Patti Smith sets the scene of a messy wonderland of Alice’s and Mad Hatters. She underlines what I love about past generations, the hippy movement and the freedom of expression. She reinstates what I had forgotten about the importance of art, the unimportance of money and material wealth and most perfectly through honest prose, her life with photographer Robert Mapplethorpe.
I loved the love between them. The length of it, the weight of it and the pure, unquestioned strength and awareness of it. As someone who personally feels the stars align to help push us in the right direction, stories such as that of these two just reaffirm my faith in divine intervention. It’s slow burning and it warms you to the core as you grow with the characters, some familiar and some not. You meet them at their weakest, tiny, featherless birds, blind and waiting for food in the nest and you watch the blossom into the people they were supposed to become. But throughout the story and the lives of these artists the consistency of love between Patti and Robert is concrete, despite the art, the drugs and the appearance and loss of other people.

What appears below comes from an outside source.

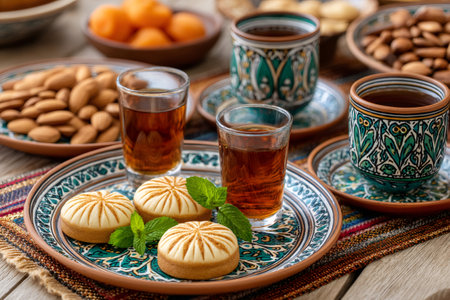 Traditional Moroccan tea party with mint tea, cookies, almonds, dried apricots served on ceramic plates, celebrating Ramadanの素材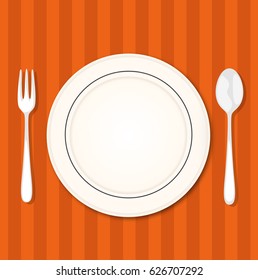 Restorant table with fork, knife and plate. Vector illustration. Flat design.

Two human beings who understood that throughout it all, the success and the failure, the change in sexual direction, the discovery of themselves through trial and error and through an undying love of art- that they needed to be near each other. That despite separating from a romantic relationship the soul connection they both shared rose above the petty qualms of jealousy or resentment and remained a thing of beauty and solidarity. I am so thankful I stumbled across this pile of pages and I wept like a child when it finished.

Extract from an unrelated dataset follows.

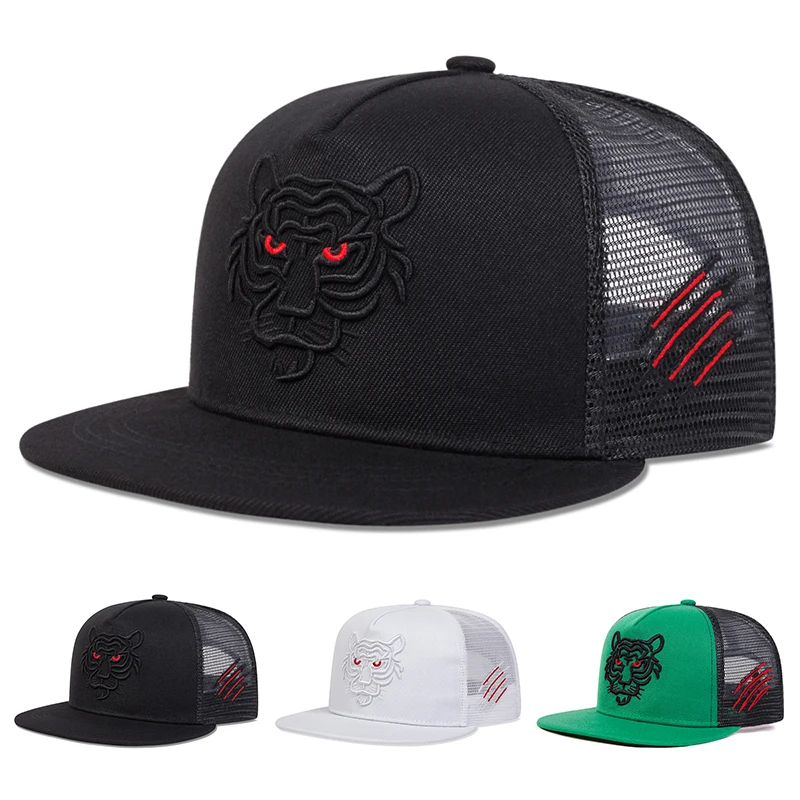 Outdoor Sports Net - Unisex-Hip-Hop-Netzhüte mit Tiger-Stickerei für Frühling und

It’s so important that we hear the stories that others share with us. That we take the time to listen and appreciate the intricate webbing of memories and events that build a life, that we try our best to immerse ourselves in the creativity of others even if it doesn’t mirror our own. It’s imperative that we shift superficial desires to one side, even for a day, to allow room for deeper pursuits. To allow creativity to bleed through. Because when we’re old and the beauty has faded, when our joints don’t support our gym addiction and we’ve dieted ourselves dry, the only things that remain will be the photo’s we’ve taken of the people we love, the drawings we’ve drawn, the books we’ve read and the stories we’ve created.
Ask yourself what really matters and go after it with everything you’ve got.